**TASK OBJECTIVE**: Print exactly the lines from the one containing "Generator - Image 3" through the last line of the entries below; the pictures stay out of the copy.

**AVAILABLE DATA**:
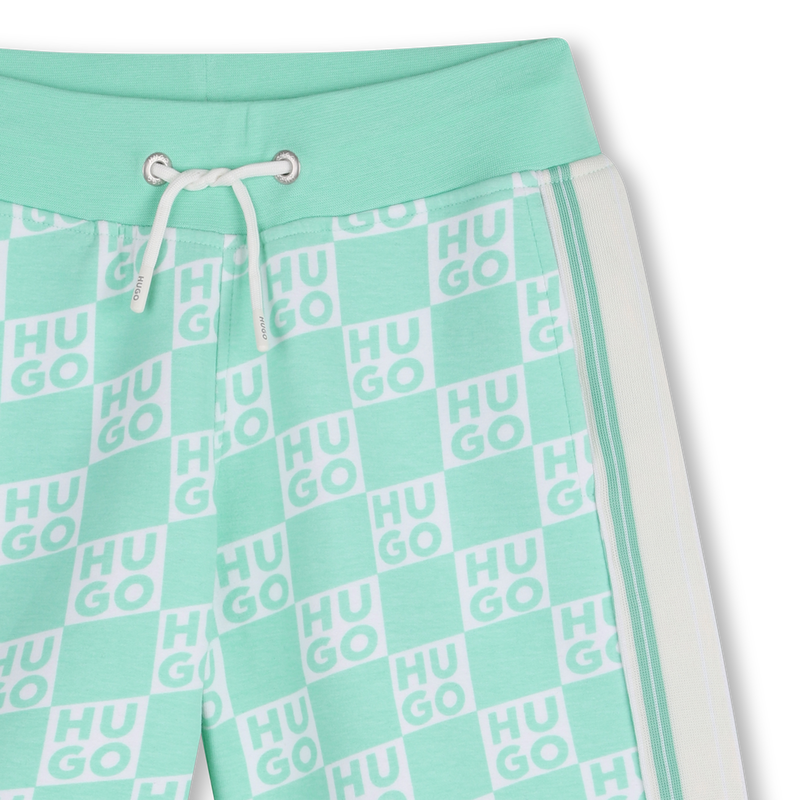 Lounge Shorts HUGO 
                        BOY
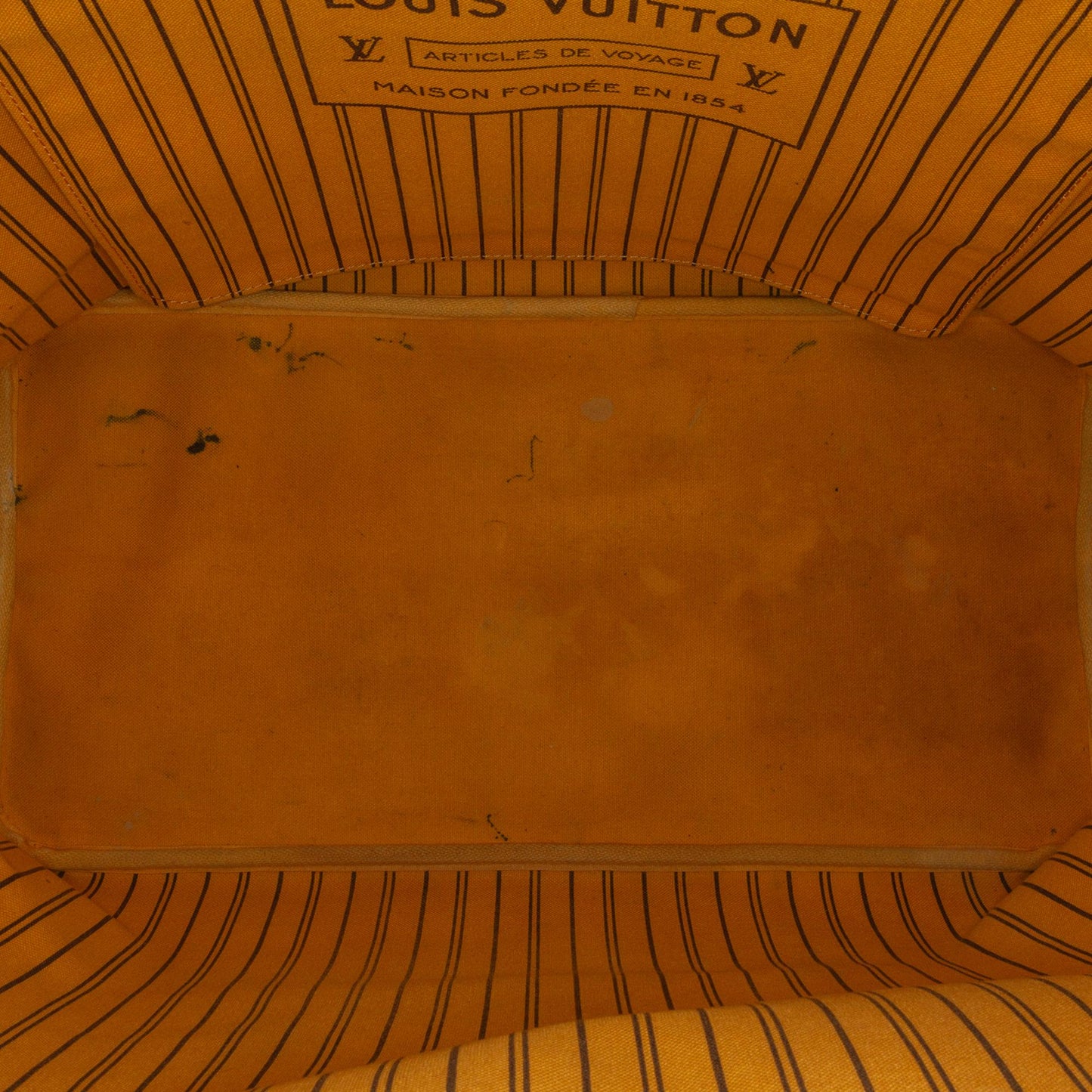 Louis Vuitton Monogram Neverfull GM (SHG-p27iWr)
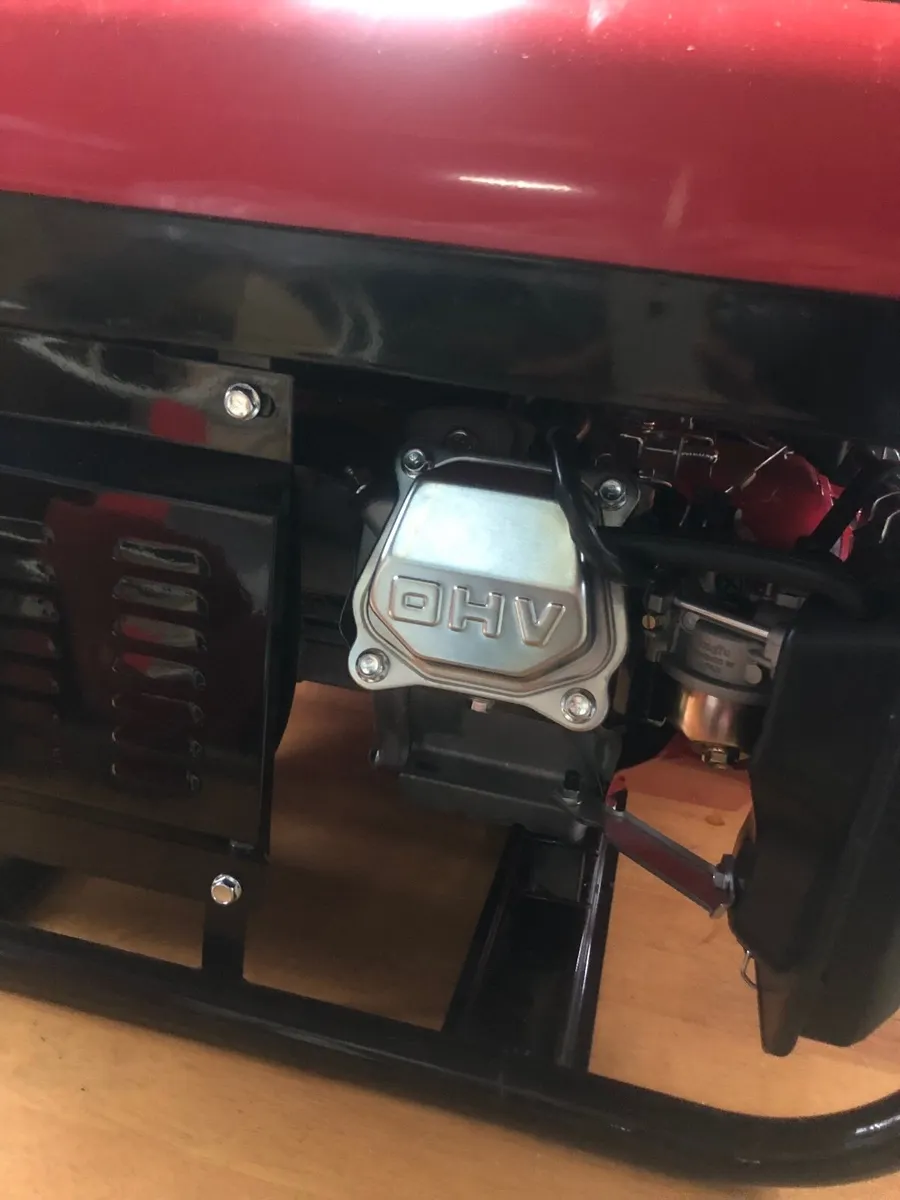 Generator - Image 3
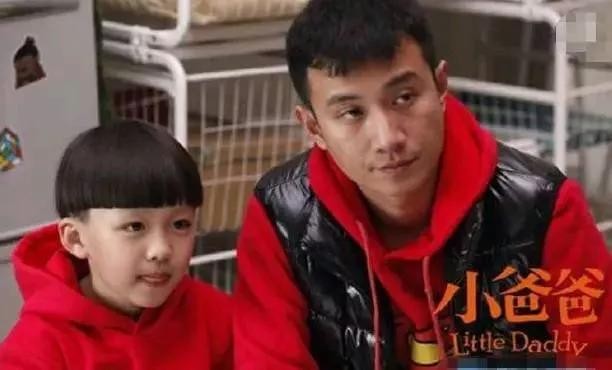 小爸爸中的夏天是谁（继易烊千玺后又一童星长开了）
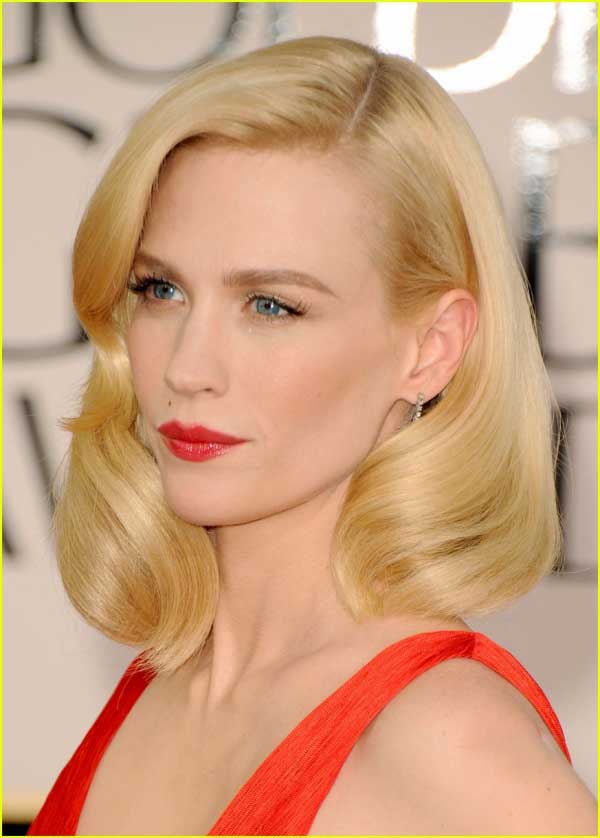 詹纽瑞·琼斯(January Jones)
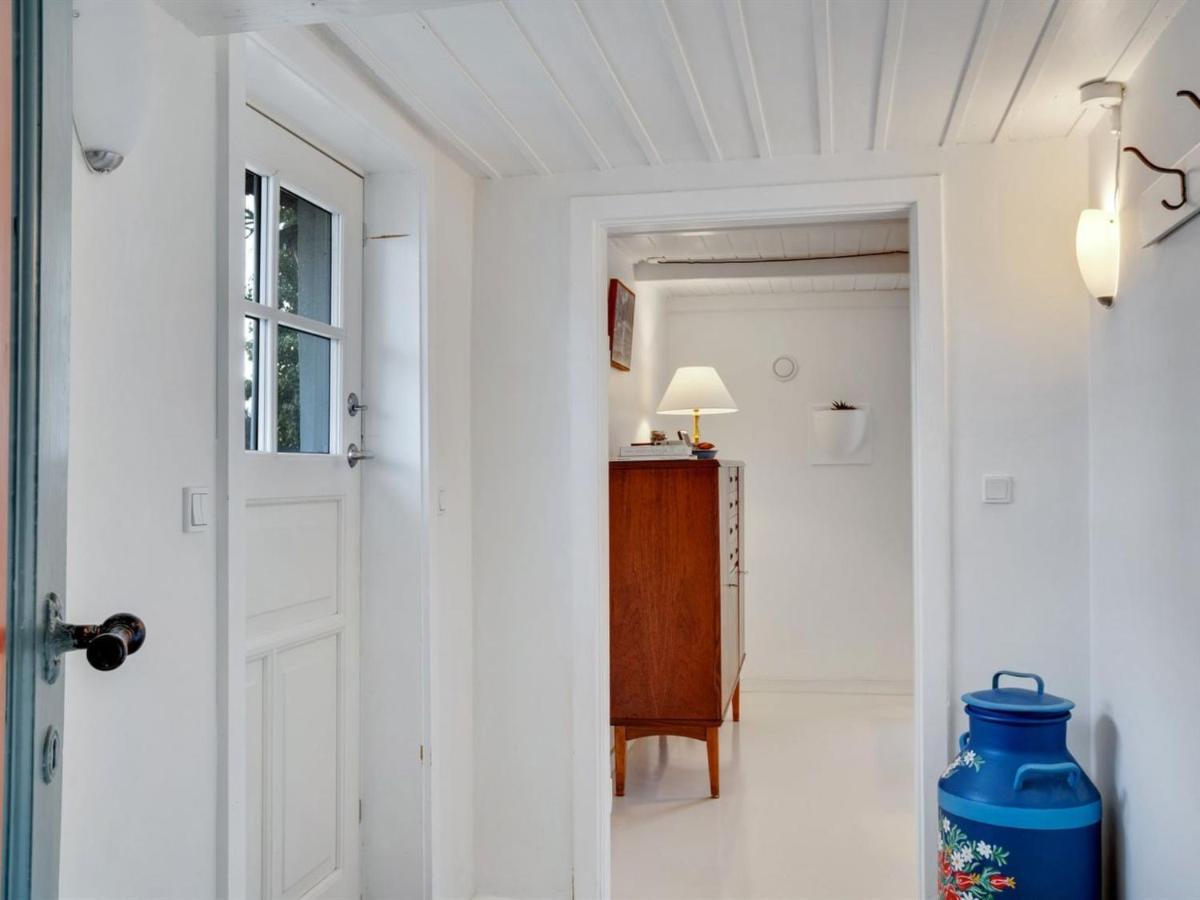 Holiday Home Sibo - 1-5Km From The Sea In Lolland- Falster And Mon By Interhome Stege Exterior photo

**RESULT OF THE EXERCISE**:
 Generator - Image 3
 小爸爸中的夏天是谁（继易烊千玺后又一童星长开了）
 詹纽瑞·琼斯(January Jones)
 Holiday Home Sibo - 1-5Km From The Sea In Lolland- Falster And Mon By Interhome Stege Exterior photo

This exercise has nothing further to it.